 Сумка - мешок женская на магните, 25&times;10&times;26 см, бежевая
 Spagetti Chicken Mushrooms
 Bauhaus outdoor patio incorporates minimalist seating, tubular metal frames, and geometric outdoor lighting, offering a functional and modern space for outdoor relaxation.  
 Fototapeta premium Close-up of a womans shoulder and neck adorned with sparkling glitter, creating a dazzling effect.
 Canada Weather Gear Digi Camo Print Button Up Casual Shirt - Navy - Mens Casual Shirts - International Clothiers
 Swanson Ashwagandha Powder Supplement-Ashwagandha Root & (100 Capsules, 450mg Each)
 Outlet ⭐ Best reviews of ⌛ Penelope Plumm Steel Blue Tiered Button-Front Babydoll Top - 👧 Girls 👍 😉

=====

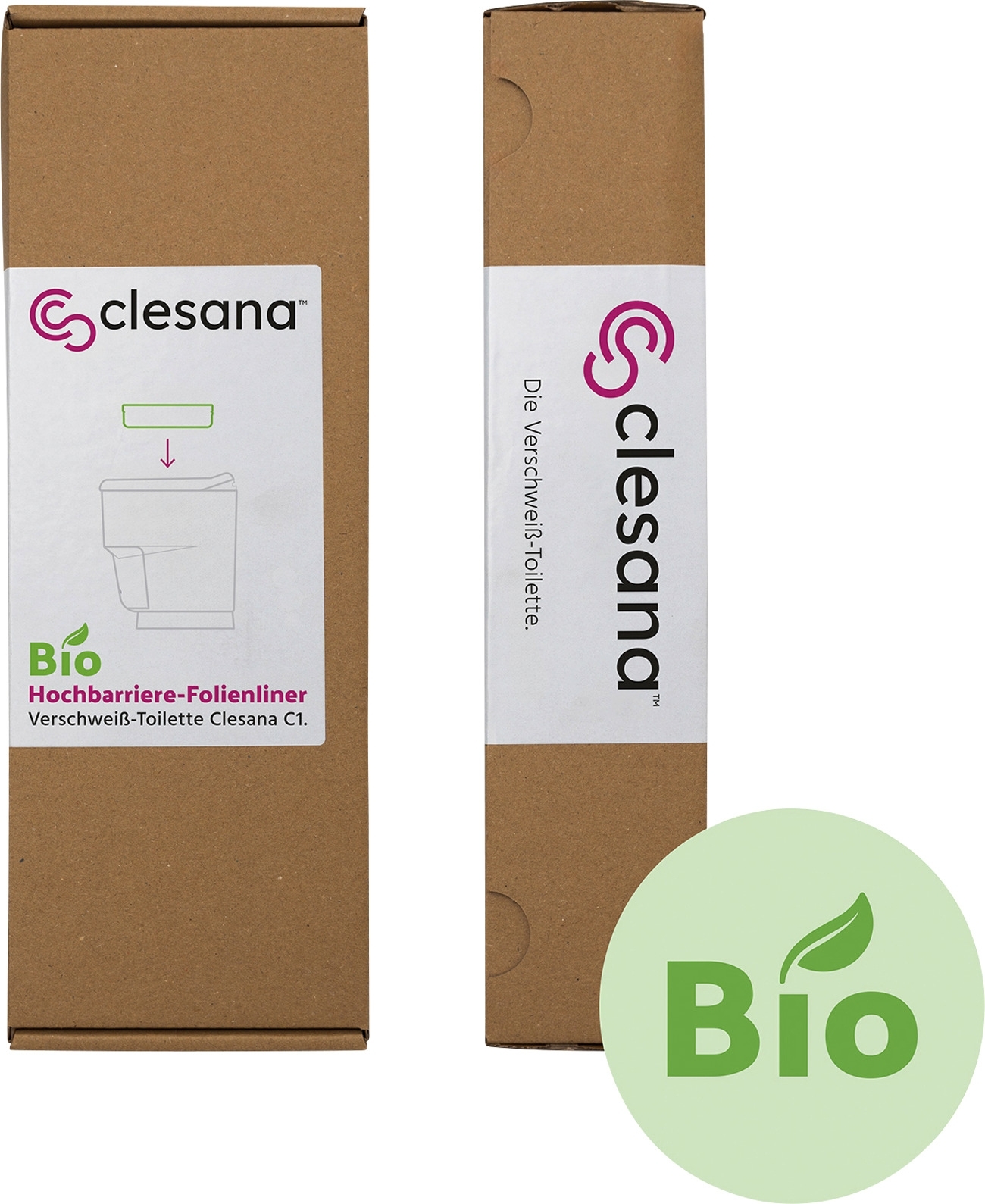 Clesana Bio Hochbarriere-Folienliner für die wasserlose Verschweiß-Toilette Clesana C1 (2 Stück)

=====

PROBLEM TO SOLVE:
Retype exactly the lines of the data above that fall between the line with "Bauhaus outdoor patio" and the line with "Fototapeta premium Close-up", inclusive, and add nothing.

RESPONSE BOX:
 Bauhaus outdoor patio incorporates minimalist seating, tubular metal frames, and geometric outdoor lighting, offering a functional and modern space for outdoor relaxation.  
 Fototapeta premium Close-up of a womans shoulder and neck adorned with sparkling glitter, creating a dazzling effect.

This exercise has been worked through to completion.